Steinbeck —supongo que no se podría esperar otra cosa de él— hace gala de una narración exquisita, de una adjetivación preciosa y precisa; consiguiendo una ornamentación fantástica, que maravilla y cautiva sin sobrecargar al lector. Creo que nunca me quedé con la sensación de que el equilibrio estaban tan bien calculado, de que era tan perfecto. Hay párrafos enteros que leí y releí, sencillamente impresionado del talento que destilaba Steinbeck incluso a través del injusto y torpe filtro que resultó ser el traductor de esta novela (tal vez me pareció tan flagrante gracias a que iba sobre aviso y presté más atención al tema), que hace que algunas frases chirríen completamente. Ningún castellanoparlante construiría nada parecido sin volver atrás y rectificar sus frases. Pero él sí. Él lo vale. Mención aparte merece el propio título de la obra: La taza de oro. La taza de oro. La taza de oro. ¿Cómo decirlo suavemente? Henry conoce en su infancia a un hombre mayor... solitario, ermitaño, que se llama Merlín. Merlín ya era viejo cuando los padres de Henry eran niños. Merlín siempre fue viejo. Merlín es —o se insinúa, dejándolo para la imaginación del lector— ese Merlín de las leyendas artúricas. Por si fuera poco, cuando se hace referencia a la «taza», durante el libro, y se dan detalles de cómo se la imagina Henry Morgan, nos dicen que tiene dos asas. Que es de oro. Que tiene pie. Sí, el sagrado Cáliz. La taza. En fin...
Centrándome de nuevo. El desarrollo del libro es bastante rápido, aunque la historia, su desarrollo y el enfoque son mesurados y exquisitos. La trama avanza rápido; saltando por completo los periodos de inactividad. La novela nos lleva de un fragmento a otro, Henry se dibuja y desdibuja con las páginas, manteniendo un ritmo evolutivo constante, una clara sensación de envejecimiento. Sus sentimientos, sus anhelos se acrecentan, a veces duda de ellos, pero sigue dedicando su vida a conseguirlos. Morgan es una persona decidida. Quiere lo que quiere. Su rápida adaptabilidad hacen de él un capitán magnífico, mejora muy pronto —desde antes incluso de dedicarse al mundo militar— su estrategia social, consiguiendo lo que quiere de la gente que le rodea; que reaccionen como él quiere, que se plieguen a sus deseos.
Steinbeck tiene también una gran facultad para sumergirnos en los sentimientos de los personajes.
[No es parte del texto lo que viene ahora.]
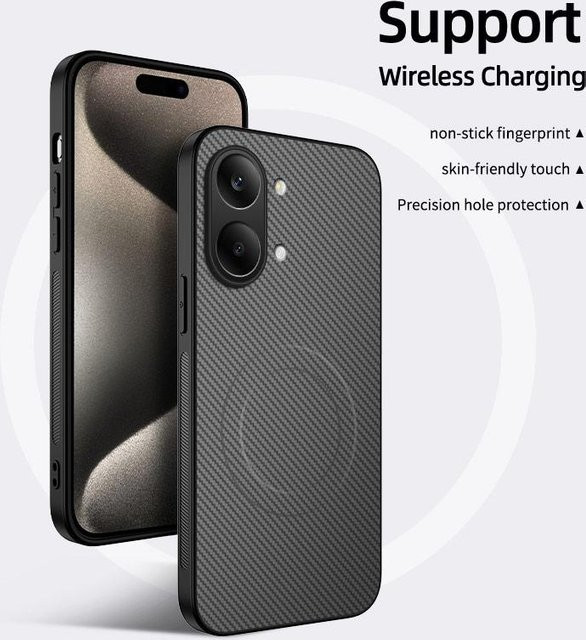 Magnetische Handyhülle mit Kohlefaser-Textur für Xiaomi Poco X8 Pro Max und Poco X8 Pro G, stoßfest und kabelloses Laden unterstützt - Bild 1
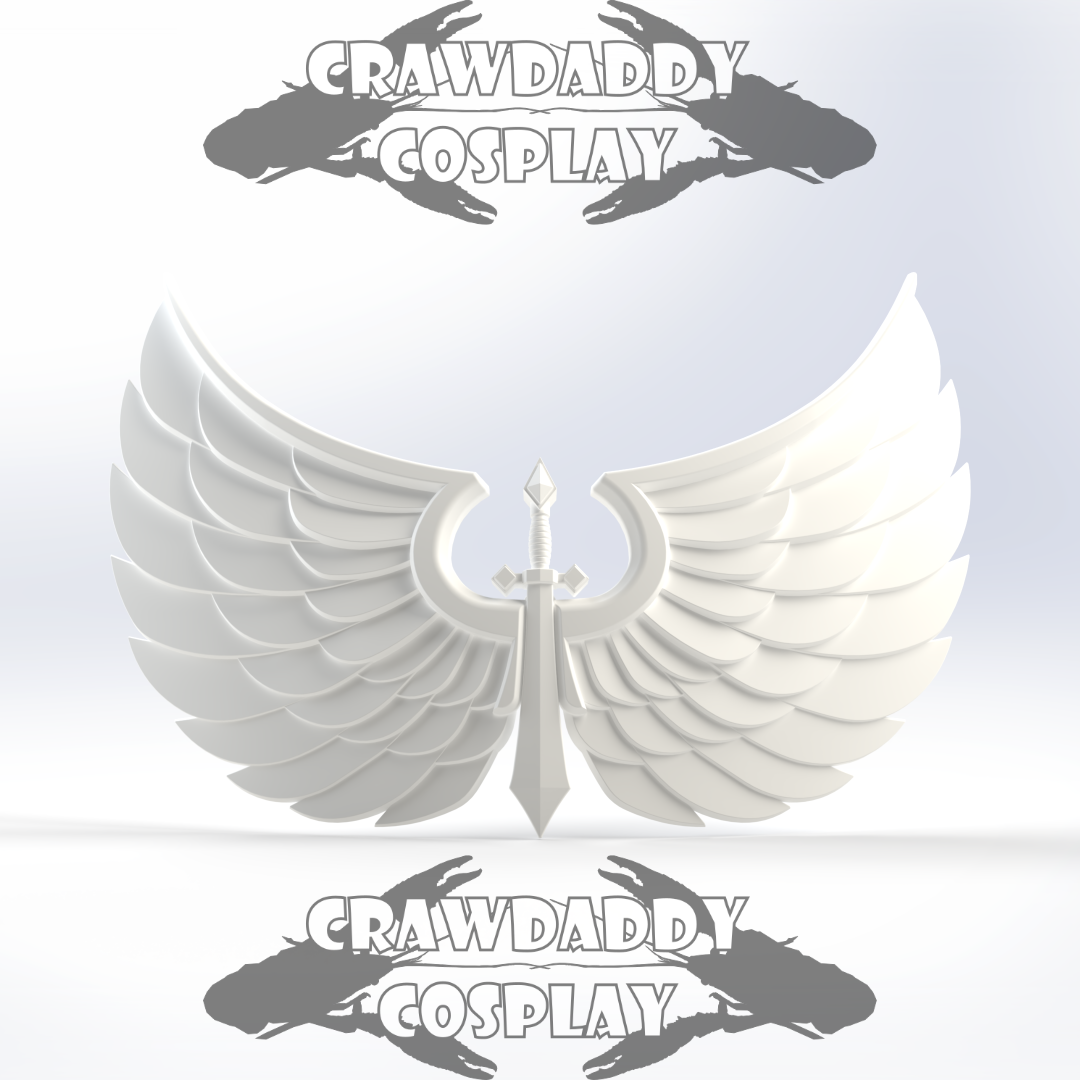 White angel wings with a central emblem on a light gray background, featuring 'Crawdaddy Cosplay' branding.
No sólo en los de Henry Morgan, en los cuales —por supuesto— se explaya a gusto —destaco el énfasis en el cambio de sus deseos según comprueba que no son capaces de saciarle, una ansia que le acaba llevando a Panamá y a su Santa Roja—; sino que nos presenta con todo detalle, a pesar del poco espacio dedicado, a gente tan variopinta como Coeur de Gris, un dechado de carisma, un triunfal y ligón jovenzuelo fiel hasta el final; a Paulette, con un tenso y vívido momento en que le pregunta si de verdad la ama, celosa de las amantes manos con que Morgan acaricia el timón de su barco; al padre de Morgan, un hombre triste y un poco abatido por la pérdida de su hijo y a Merlín, el extraño ermitaño, protagonista de algunos de los momentos más bellos de la novela.
Spoiler (marca el texto para leerlo):
La Santa Roja, quien resulta parecerse terriblemente a Henry Morgan, y que usa contra este las técnicas de trato social que él usa contra el resto de personajes. Se muestra sorprendente e impredecible, dejando a Morgan sin saber cómo responder; moralmente vencido, absolutamente humillado. Una humillación que lo sustrae del mundo a una realidad de temores y conspiraciones, por lo que acaba enfrentándose a Jones y al magnífico Coeur de Gris. Da esto pie, además, a un momento precioso, majestuoso y bien traído en el que Morgan madura —o envejece— ante la Santa Roja, quien lo hace a su vez cuando dejan de desear la Luna, una expresión que se repite varias veces en la novela. Se acabó el sueño, el frenesí.
Esto supone la perfecta antesala para un final agrio en el que Henry Morgan exagera sus andanzas para sentirse más hombre ante el rey. Está «tan viejo» que lo necesita. Su matrimonio con su prima Elizabeth, arrogante y altanera, profundamente despectiva no es más que una puntilla en el ya inexistente brillo del corsario, que acaba muriendo completamente incapacitado, ya sin fuerzas para hablar, en un pasaje muy elegante.